> _SOURCE DATA_:

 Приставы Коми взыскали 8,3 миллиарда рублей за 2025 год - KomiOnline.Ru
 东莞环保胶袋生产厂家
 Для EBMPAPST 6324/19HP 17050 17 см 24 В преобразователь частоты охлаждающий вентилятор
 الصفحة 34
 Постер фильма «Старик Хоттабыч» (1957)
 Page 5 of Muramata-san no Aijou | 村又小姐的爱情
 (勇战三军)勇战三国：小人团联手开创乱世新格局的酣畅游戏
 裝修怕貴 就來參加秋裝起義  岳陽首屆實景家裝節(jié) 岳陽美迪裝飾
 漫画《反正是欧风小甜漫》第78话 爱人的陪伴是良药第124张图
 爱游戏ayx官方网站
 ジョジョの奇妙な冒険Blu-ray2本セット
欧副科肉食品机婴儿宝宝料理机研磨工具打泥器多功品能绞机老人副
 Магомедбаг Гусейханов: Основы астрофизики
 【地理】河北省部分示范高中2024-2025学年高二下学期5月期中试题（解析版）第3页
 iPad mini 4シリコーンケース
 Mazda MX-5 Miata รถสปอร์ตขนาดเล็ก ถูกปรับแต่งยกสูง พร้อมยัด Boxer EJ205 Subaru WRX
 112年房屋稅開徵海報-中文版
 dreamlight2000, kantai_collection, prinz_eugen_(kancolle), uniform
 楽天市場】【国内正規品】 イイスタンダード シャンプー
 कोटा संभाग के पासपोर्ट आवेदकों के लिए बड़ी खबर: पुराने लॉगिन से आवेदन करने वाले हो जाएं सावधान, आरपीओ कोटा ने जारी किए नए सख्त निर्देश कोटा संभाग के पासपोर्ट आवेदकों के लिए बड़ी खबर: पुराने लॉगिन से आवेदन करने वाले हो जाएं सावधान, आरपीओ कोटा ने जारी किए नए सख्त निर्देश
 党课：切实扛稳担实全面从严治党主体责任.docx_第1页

> _EXERCISE DETAILS_: Of the lines above, extract only those from the line with "iPad mini 4シリコーンケース" to the line with "楽天市場】【国内正規品】 イイスタンダード シャンプー", both included, exactly as written.

> _FINISHED EXERCISE_:
 iPad mini 4シリコーンケース
 Mazda MX-5 Miata รถสปอร์ตขนาดเล็ก ถูกปรับแต่งยกสูง พร้อมยัด Boxer EJ205 Subaru WRX
 112年房屋稅開徵海報-中文版
 dreamlight2000, kantai_collection, prinz_eugen_(kancolle), uniform
 楽天市場】【国内正規品】 イイスタンダード シャンプー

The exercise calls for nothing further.